(Supplied information)

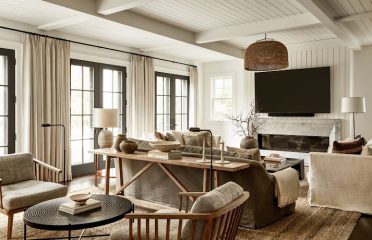 Becca Interiors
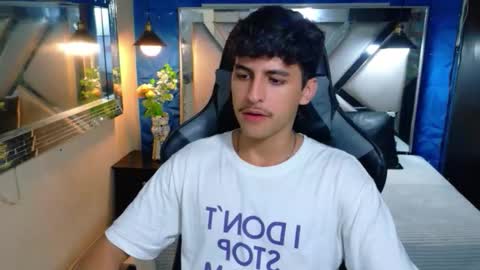 alan del reyy online show from February 18, 2:07 am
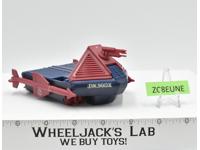 Cobra Hydro Sled 100% Complete G.I. Joe 1986 Hasbro Vintage Vehicle
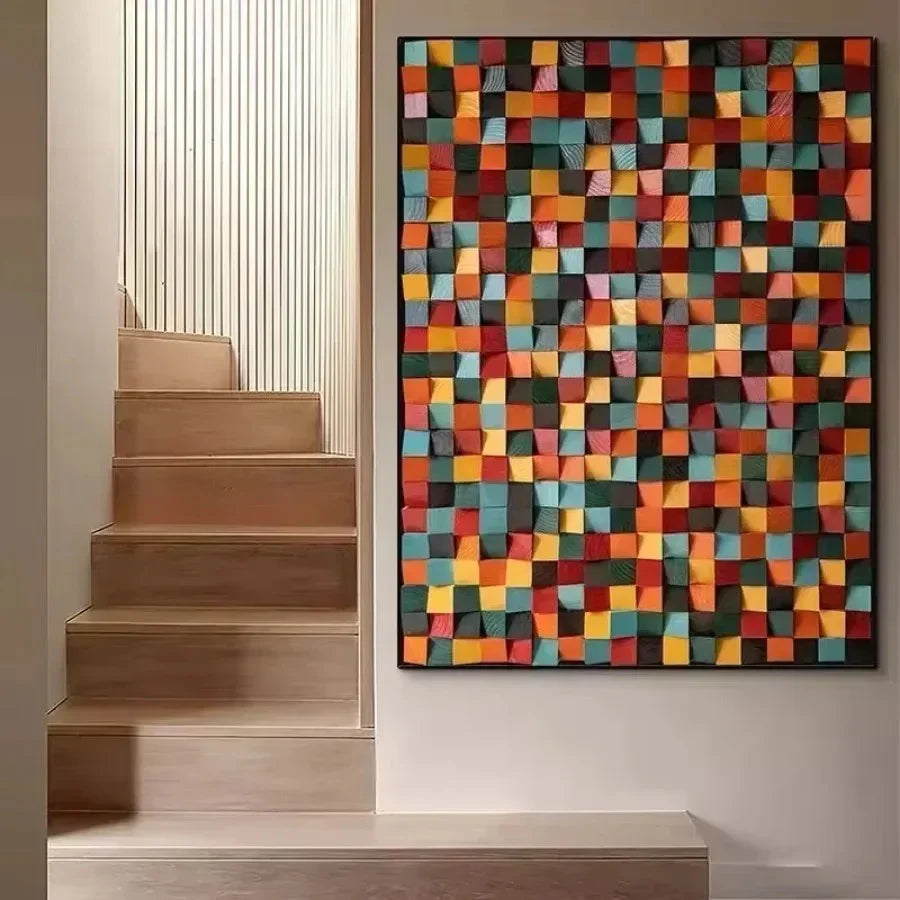 Emendo Mosaic Wall Tile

(Exercise directions) Restate word for word, and only, the lines from the line that contains "Cobra Hydro Sled" through the end of the data, both included; pictures are not part of the copy.

(Solved problem)
 Cobra Hydro Sled 100% Complete G.I. Joe 1986 Hasbro Vintage Vehicle
 Emendo Mosaic Wall Tile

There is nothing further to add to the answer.